Onolatry is the supposed worship of the donkey during antiquity. In Imperial Rome, the charge of onolatry was used as a polemic against Jews and Jewish Christians. The association of Jews with donkeys was a common feature of Hellenic as well as Latin ethnographic and historical writings, and included accusations of worshipping a golden donkey head and even sacrificing foreigners to it at intervals.
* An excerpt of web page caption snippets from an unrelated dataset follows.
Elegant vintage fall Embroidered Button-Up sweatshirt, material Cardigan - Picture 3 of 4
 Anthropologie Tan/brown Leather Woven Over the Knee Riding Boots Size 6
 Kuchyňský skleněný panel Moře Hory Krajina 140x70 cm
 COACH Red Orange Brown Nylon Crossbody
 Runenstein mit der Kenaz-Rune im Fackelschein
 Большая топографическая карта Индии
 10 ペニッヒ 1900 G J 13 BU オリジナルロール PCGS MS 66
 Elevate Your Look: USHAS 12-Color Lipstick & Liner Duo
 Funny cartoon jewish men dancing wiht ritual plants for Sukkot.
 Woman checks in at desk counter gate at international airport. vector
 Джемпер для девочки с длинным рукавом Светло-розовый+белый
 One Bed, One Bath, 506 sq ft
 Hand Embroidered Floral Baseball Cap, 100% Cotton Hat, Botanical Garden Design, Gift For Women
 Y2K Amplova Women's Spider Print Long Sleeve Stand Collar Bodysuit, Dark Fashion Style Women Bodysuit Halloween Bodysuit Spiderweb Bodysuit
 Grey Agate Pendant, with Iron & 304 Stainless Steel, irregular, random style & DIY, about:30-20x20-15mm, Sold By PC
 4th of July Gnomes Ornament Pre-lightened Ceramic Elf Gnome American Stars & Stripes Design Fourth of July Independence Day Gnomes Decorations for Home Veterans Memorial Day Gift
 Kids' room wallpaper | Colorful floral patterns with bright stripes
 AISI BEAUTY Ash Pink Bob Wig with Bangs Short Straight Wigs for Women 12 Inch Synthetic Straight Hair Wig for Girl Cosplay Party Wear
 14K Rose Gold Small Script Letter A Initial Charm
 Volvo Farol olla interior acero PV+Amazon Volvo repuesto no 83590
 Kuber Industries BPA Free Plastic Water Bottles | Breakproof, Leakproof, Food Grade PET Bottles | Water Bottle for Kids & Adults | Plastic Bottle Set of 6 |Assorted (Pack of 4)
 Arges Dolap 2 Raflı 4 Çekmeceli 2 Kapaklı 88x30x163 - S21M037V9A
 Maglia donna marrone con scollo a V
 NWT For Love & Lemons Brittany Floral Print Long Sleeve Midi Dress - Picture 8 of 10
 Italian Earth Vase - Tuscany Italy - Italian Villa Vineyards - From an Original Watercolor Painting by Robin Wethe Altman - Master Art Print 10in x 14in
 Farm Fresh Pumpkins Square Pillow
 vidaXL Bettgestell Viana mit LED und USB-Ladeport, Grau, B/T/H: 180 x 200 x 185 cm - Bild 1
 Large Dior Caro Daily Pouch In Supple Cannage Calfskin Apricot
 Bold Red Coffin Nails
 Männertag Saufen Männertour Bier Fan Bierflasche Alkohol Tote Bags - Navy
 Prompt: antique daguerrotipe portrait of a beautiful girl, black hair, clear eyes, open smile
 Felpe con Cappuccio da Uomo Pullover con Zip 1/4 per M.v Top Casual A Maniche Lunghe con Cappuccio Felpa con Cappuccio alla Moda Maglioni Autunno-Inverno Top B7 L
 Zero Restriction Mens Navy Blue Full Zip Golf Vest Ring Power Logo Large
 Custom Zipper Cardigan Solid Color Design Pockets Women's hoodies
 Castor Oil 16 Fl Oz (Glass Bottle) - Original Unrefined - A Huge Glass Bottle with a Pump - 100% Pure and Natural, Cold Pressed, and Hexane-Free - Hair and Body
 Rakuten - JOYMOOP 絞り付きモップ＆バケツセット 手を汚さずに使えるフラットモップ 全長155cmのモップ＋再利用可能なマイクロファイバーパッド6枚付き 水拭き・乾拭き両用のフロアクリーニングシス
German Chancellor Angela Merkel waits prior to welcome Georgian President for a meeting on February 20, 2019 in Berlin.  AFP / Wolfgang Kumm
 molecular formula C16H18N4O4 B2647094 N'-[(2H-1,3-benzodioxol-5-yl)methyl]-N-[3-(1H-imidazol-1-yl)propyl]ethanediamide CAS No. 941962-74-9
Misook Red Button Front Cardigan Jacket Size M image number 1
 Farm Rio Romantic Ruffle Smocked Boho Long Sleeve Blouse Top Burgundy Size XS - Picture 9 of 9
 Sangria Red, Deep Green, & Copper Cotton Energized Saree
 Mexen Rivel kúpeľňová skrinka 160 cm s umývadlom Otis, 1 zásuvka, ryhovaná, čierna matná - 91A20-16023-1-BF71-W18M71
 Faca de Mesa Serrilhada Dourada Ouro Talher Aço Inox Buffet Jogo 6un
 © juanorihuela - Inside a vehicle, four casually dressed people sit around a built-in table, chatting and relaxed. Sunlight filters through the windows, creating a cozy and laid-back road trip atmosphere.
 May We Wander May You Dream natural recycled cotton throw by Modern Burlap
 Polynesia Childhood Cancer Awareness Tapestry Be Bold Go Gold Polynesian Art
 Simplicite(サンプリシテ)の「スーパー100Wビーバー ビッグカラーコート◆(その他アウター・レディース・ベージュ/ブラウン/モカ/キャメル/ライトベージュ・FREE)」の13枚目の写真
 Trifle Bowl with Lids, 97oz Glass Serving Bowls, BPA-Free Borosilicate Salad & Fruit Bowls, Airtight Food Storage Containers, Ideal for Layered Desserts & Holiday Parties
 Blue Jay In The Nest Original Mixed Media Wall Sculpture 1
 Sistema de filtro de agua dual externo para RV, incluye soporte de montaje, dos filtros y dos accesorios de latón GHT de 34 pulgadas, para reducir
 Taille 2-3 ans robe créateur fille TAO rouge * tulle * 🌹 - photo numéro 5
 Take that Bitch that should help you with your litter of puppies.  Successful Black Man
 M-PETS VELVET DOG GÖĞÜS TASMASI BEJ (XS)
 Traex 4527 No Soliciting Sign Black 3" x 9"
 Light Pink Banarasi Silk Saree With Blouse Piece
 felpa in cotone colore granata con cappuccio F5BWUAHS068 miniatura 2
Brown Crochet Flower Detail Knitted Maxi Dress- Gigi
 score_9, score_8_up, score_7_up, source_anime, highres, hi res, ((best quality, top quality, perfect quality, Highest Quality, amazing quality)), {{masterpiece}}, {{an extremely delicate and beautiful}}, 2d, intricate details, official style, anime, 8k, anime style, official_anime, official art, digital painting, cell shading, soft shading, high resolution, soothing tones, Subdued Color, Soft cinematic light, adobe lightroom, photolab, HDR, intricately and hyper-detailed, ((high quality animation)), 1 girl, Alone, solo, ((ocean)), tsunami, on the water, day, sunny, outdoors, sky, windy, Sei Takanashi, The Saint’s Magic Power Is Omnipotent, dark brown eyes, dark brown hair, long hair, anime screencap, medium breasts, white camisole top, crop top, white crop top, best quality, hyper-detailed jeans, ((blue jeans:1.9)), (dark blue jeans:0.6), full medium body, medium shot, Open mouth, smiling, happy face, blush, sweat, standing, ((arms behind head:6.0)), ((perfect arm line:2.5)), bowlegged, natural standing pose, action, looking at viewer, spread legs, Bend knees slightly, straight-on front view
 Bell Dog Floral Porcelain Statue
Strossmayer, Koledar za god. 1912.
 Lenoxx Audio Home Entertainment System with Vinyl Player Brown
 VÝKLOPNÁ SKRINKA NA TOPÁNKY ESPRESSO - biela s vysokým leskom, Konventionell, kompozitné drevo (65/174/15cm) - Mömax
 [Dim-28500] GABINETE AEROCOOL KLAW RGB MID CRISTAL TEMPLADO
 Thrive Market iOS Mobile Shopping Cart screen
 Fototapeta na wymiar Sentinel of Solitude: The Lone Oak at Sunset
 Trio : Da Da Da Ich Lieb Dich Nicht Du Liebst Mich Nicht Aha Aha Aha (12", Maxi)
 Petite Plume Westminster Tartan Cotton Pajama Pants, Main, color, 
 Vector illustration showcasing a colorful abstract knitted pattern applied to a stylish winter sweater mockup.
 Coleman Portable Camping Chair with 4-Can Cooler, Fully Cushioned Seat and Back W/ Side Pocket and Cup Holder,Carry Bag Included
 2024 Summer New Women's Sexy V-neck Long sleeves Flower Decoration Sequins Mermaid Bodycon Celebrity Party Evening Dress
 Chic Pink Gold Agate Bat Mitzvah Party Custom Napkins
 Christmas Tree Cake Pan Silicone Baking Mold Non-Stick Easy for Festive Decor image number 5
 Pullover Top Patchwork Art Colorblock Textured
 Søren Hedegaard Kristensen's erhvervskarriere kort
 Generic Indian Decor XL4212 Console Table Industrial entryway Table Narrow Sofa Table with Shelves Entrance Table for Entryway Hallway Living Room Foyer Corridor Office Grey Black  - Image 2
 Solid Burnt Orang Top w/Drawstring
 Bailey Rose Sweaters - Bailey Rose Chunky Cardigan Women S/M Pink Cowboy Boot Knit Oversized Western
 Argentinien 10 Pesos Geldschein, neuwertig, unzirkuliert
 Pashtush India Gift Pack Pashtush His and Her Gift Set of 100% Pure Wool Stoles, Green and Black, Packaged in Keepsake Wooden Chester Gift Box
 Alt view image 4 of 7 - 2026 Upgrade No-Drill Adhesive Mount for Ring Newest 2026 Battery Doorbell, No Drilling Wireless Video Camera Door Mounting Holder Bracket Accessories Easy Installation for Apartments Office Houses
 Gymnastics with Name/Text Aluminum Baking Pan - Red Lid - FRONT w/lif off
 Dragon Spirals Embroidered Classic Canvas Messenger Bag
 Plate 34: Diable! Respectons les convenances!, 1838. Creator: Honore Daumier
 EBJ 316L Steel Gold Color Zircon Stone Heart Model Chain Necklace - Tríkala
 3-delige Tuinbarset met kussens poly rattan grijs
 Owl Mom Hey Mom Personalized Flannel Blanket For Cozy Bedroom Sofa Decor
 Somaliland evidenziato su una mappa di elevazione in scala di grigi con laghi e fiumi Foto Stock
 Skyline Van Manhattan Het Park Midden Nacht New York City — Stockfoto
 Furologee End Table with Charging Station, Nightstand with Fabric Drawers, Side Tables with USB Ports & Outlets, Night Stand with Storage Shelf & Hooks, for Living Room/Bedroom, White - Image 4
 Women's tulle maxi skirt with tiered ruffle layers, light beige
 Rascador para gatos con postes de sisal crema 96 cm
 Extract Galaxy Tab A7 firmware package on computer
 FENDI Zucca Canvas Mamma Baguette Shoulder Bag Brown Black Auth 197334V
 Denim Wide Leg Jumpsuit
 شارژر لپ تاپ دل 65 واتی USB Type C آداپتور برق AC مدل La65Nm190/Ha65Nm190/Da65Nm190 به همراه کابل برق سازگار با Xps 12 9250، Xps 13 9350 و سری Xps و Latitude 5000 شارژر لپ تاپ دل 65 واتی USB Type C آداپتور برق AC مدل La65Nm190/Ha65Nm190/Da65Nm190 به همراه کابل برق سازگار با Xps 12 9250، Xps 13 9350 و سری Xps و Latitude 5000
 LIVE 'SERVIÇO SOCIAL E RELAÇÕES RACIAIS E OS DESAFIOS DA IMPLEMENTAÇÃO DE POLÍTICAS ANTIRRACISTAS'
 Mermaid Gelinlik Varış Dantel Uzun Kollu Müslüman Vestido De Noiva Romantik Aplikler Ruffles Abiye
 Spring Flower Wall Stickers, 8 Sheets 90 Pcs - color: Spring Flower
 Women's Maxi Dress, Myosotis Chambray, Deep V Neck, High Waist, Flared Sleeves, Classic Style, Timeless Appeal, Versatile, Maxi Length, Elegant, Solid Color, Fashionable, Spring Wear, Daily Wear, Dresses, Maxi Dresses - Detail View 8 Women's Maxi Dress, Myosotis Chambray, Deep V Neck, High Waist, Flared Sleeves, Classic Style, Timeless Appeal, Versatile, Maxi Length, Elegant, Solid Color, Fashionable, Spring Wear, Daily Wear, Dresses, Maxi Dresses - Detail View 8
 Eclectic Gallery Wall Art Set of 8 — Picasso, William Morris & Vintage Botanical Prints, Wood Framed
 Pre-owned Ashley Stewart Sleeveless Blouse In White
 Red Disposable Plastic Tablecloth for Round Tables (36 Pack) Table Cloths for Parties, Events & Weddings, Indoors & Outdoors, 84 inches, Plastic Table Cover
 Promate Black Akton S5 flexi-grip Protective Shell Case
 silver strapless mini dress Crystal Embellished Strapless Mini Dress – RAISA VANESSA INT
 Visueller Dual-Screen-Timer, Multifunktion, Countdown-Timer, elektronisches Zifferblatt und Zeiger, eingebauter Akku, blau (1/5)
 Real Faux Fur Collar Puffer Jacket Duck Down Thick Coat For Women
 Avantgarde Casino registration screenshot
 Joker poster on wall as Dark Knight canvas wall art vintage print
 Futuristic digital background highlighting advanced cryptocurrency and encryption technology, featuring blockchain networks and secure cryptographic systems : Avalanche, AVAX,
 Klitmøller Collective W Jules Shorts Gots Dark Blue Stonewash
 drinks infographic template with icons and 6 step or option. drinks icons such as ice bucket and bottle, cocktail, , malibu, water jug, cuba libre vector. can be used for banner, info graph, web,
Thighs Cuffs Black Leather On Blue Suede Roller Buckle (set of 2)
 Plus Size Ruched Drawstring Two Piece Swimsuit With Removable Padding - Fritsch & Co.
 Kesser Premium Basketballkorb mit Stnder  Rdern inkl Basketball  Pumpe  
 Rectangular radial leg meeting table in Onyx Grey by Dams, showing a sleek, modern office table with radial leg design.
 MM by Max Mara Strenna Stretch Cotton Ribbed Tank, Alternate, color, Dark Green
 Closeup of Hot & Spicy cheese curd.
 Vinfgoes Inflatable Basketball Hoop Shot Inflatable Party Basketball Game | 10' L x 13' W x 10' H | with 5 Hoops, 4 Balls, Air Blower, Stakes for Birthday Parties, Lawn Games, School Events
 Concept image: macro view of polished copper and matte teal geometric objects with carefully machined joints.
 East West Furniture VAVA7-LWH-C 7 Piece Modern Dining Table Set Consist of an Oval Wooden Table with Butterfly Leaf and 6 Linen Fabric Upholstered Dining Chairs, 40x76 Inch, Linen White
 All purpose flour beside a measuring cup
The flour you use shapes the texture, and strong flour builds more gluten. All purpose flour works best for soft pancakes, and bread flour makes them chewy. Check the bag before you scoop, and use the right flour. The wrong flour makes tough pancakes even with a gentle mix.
The charge was likely first used against Jews in Egypt, where donkeys were at some points associated with Set, the murderer of Osiris who is in turn destroyed by Isis. The Egyptian and Greek Alexandrians would equate the Judahite deity Yahweh as being Set/Typhon, a chaotic god of the deserts, storms and violence. It is first attested in the second century BCE, and was used against Christians extensively in the first and second centuries CE before disappearing almost entirely in the third. The accusation against the Jews is discussed by Josephus in his Against Apion II.7. As well as those targeted at Christians being addressed by Tertullian and Minucius Felix, among other early Christian apologists. A famous example of this is the Alexamenos graffito, showing a crucified man with the head of a donkey.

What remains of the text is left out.